# Looking for solid action Sword and sorcery



## Atlantean (Jan 25, 2015)

I'm trying to find some real hardcore sword and sorcery fiction, particularly long and descriptive. I'd like to find some of those old school fantasy novels that are small in size (about the size of a hand), but thick and with the small black print (I'm sure you know what I am talking about, you know those old DnD paperbacks you find in the used bookstore down the street, that are hidden under a pile of other books,?)

Yeah, that kind of old school novel. And I'm not into the overly poetic, romantic or political types of fantasy. I like cut throat bandits, nomadic mercenaries, treacherous wizards and kingly paladins leading their knights into great wars. Blood, death, honor and survival. You know, real action and adventure type of stuff.

I wouldn't mind specific novel replies or even if you could just recommend an author. I've currently been reading lots of Robert E. Howard, along with some C.A Smith. But I'd prefer something closer to what I described, so any help would be greatly appreciated. 

I have the world of literature at my finger tips here, but I just can't find what I am looking for at the moment. I don't have infinite funds and I want some value for money, so I thought it would definitely be worth asking here. Hopefully someone could help me out, and I would appreciate it.
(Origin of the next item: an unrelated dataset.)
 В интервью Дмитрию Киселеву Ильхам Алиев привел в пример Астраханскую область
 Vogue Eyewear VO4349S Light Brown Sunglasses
Thanks if you took the time to read :icon_cheesygrin:


----------



## Morkonan (Jan 27, 2015)

"The Black Company" series by Glen Cook. (One of my all-time favorites and one that is often emulated by other writers.) It fits your requirements "cut throat bandits, nomadic mercenaries, treacherous wizards" perfectly. (Small in individual size, as well, but get the omnibus editions.)

"The Heroes" by Joe Abercrombie sounds like it fits the bill, too. (Not small, but well worth the read.)

"Half a King", a relatively new book by Abercrombie is a great adventurous read and is fairly short. (Too short! There's a sequel, too.  )

I would also heartily recommend ANYTHING written by Abercrombie. They're all excellent books.

Any of the books in David Gemmell's "Drenai" series would probably satisfy you. (Standard length novels.)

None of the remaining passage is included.